Availability: The subsystem needs to be generally available. Since webhook events from external services drive it, it needs to be reachable to capture those events when they occur.
Extensibility: The subsystem needs to be built in a way where it is easy to extend with new features, especially by developers that didn't work on the initial implementation.
Idempotency: The subsystem needs to support processing the same events more than once, since the providers don't guarantee at-most-once delivery of the webhook events.
Maintainability: The subsystem needs to be straightforward to maintain (i.e., fixing faults), especially by developers that didn't work on the initial implementation.
Recoverability: The subsystem needs to allow for recovering from errors, re-processing events that trigger an internal fault once that fault is corrected.
Reliability: The subsystem needs to handle transient failures when processing events, re-processing the events as necessary.
Transparency: The operations performed (or not performed) by the subsystem need to be visible. Since direct user interactions don’t drive this, we need a way to inspect the subsystem's behavior, especially when users report potentially incorrect behavior.

System Design

With our initial GitHub integration implementation, we handled all of the webhooks during a request cycle within our API server instance. There were a couple of notable issues with this approach:

With multiple API server instances and no guarantee of at-most-once delivery, we would see race conditions where two API servers were processing the same event at roughly the same time, leading to errors when the second server tried to transact the same changes to the database.
If a transient fault occurred when handling an event, we would have to rely on the provider (in this case, GitHub) to resend the event so we could try to process it again. If the fault were a regression that we caused, GitHub would give up trying to send the event before we could deploy a fix, and we would lose the event completely.

We wanted to address these issues as part of the design of this new subsystem, so decided to decouple the receipt of the event from the processing of the event, with a mechanism to bring retries sufficiently under our control.

At a service level, this new design has this structure:

Receiver Service

This service is relatively simple - it receives the webhook payload from the provider, writes it to an Amazon S3 bucket, then emits a message to an Amazon Simple Queue Service queue with some metadata about the payload, including the path to the S3 object that contains the payload itself.

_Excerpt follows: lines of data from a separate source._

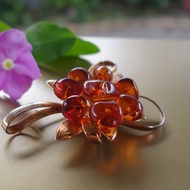 琥珀 Amber 蜜蠟 緬甸金珀 波羅的海 金珀胸針11.4克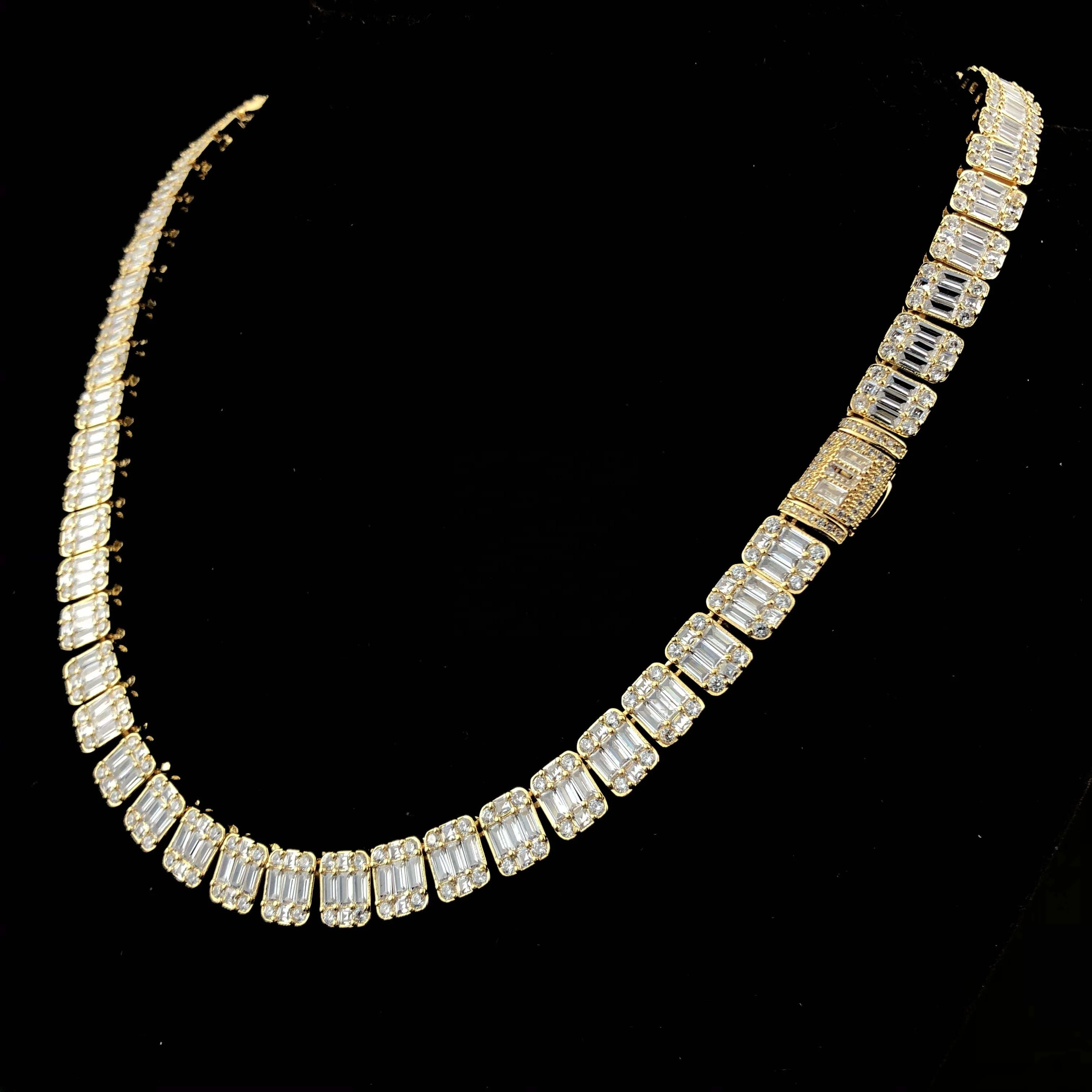 8mm Square Baguette Tennis Chain in Yellow Gold and White Gold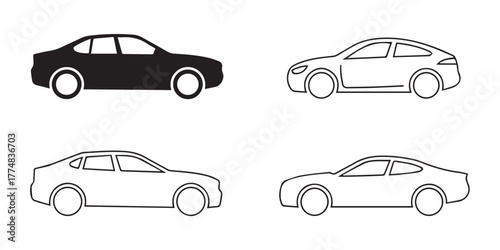 car sedan and hatchback coupe outlines vector collection for designers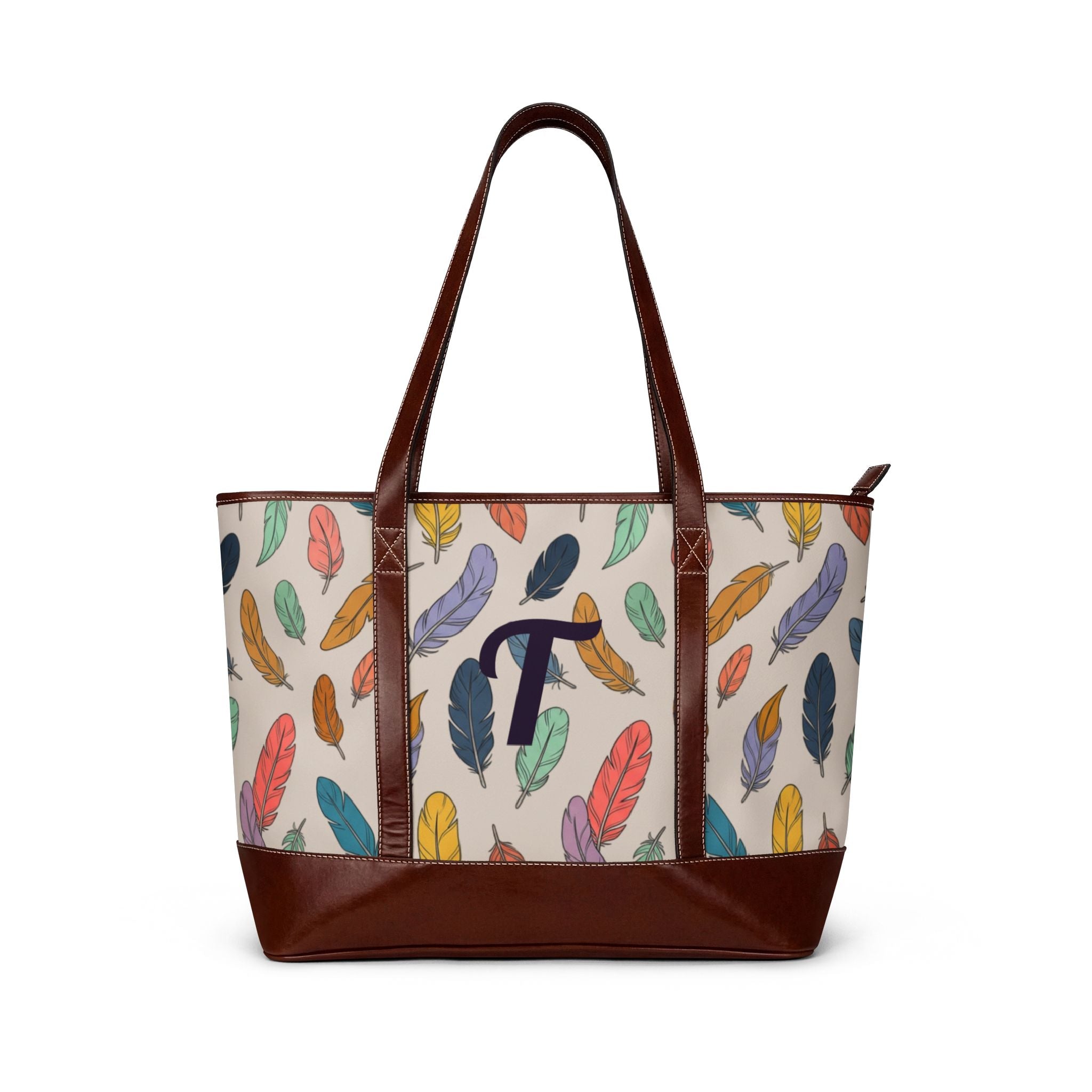 Handbag | Colorful Boho Feather Print Monogram Tote Purse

We chose to use a queue here to gain a few benefits:

It allows us to have higher availability. The Receiver is simple, and rarely changes so needs to be deployed infrequently. All of the logic is in the Handler, which does get redeployed frequently, but doing so doesn't interrupt event processing, since the Receiver continues to add events to the queue.
Having a queue gives us a simple retry mechanism, both in the case of a fault or transient error. We only remove a message from the queue once we have successfully processed it, and if we try to reprocess the event N times, we move the message to a dead letter queue. We can then address the fault (or wait for the transient error to resolve), then move the message from the dead letter queue back to the primary queue for reprocessing.

There is a trade-off for using a queue here, however: SQS provides at-least-once delivery (we will see every message), but does not guarantee at-most-once delivery (we may see the same message multiple times). To handle this, the subsystem is designed to process messages idempotently, so there is no harm in processing the same message multiple times.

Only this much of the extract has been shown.